Chaim Y. Botwinick

On Becoming an Effective Day School Board: Its All About Leadership


Creating a Path for Board Growth, Leadership and Development


Last year, I was invited to a full-day board retreat, sponsored by a medium sized Jewish day school. The purpose of the retreat was to encourage the board to take stock and reflect upon the manner in which it governs its school, their past accomplishments as well as to engage in a candid and frank conversation regarding their purpose and future direction. Ultimately, the goal was to create a strategic planning framework for the creation of a high impact board action plan.

My role as consultant was to help the board design and frame the conversation, facilitate the process, create an environment conducive for sharing and reflection; and ensure a meaningful and valuable deliberative process and retreat outcome.

Of  the eighteen board members who were in attendance at the retreat (out of a total of twenty-two), I was  familiar with the vice-chair of the board and one other member of the board.

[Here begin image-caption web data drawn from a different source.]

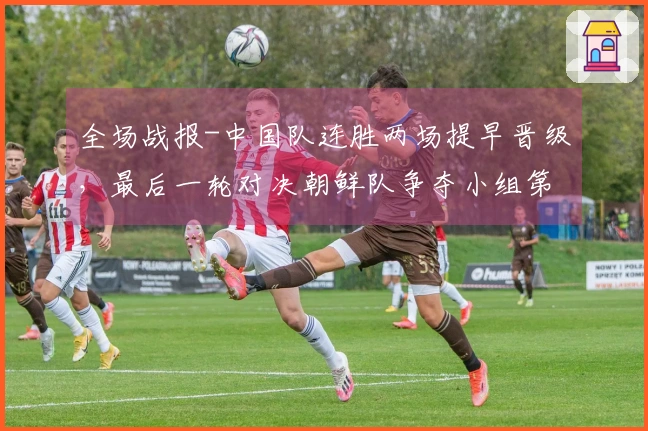 全场战报-中国队连胜两场提早晋级，最后一轮对决朝鲜队争夺小组第一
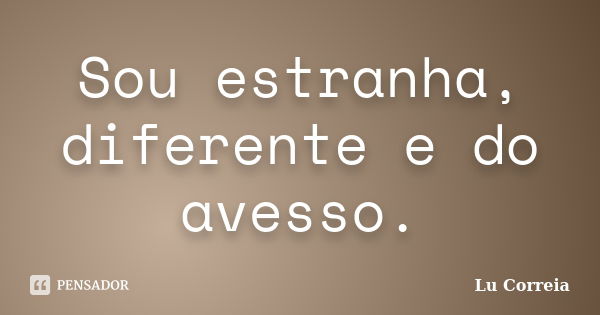 Sou estranha, diferente e do avesso.... Frase de Lu correia.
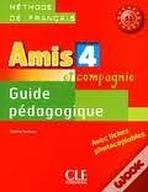 Amis et compagnie 4 - guide pédagogique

This lack of personal or professional familiarity with those in attendance, made it easier for me to facilitate the retreat deliberations. As they say, familiarity breeds contempt. I was therefore coming to the table completely unbiased as to who was siting around the table, their backgrounds, influence, affiliations and/or involvement on the board or the school. From my perspective, it was an even playing field.

Retreat Planning and Board Assessment

Critical to the success of the retreat, was my ability as consultant to “check the pulse” of the board regarding their self- perceived role and effectiveness. To this end, I distributed (one week prior to the retreat)) a Board Effectiveness Inventory based upon the information the vice chair provided to me. Parenthetically, the vice-chair of the board was the individual who chaired the retreat, engaged me as consultant to facilitate the retreat process, and provided me with basic and rudimentary information regarding the history of board. I collected responses from the entire board and segregated the five responses from those who were not in attendance. I nevertheless did utilize portions of  data and responses from that group.

Without getting into the weeds of the individual  Inventory responses, the survey process was most valuable in helping me to measure the following board characteristics:

  • Strengths and weaknesses of the board;
  • Areas which require improvement;
  • Board member perceptions of the board’s and school’s mission, purpose, and impact;
  • The Board’s knowledge about governance best practices;
  • Their wish-list of changes they would make in order to improve the board’s’ structure; and and/or mandate; and,
  • Their desired outcomes resulting from the retreat.

The Inventory also included basic demographic information such as the number of years members served on the school board, whether the board member was a parent or grandparent, or involved in other non profit boards, etc.

Finally, the Inventory sought to determine the reasons these board members joined the school board and their current levels of satisfaction serving on the board as well as a leadership profile which measured their ability, capacity, bandwidth  and skill-set required to lead and to be part of a “leadership team”.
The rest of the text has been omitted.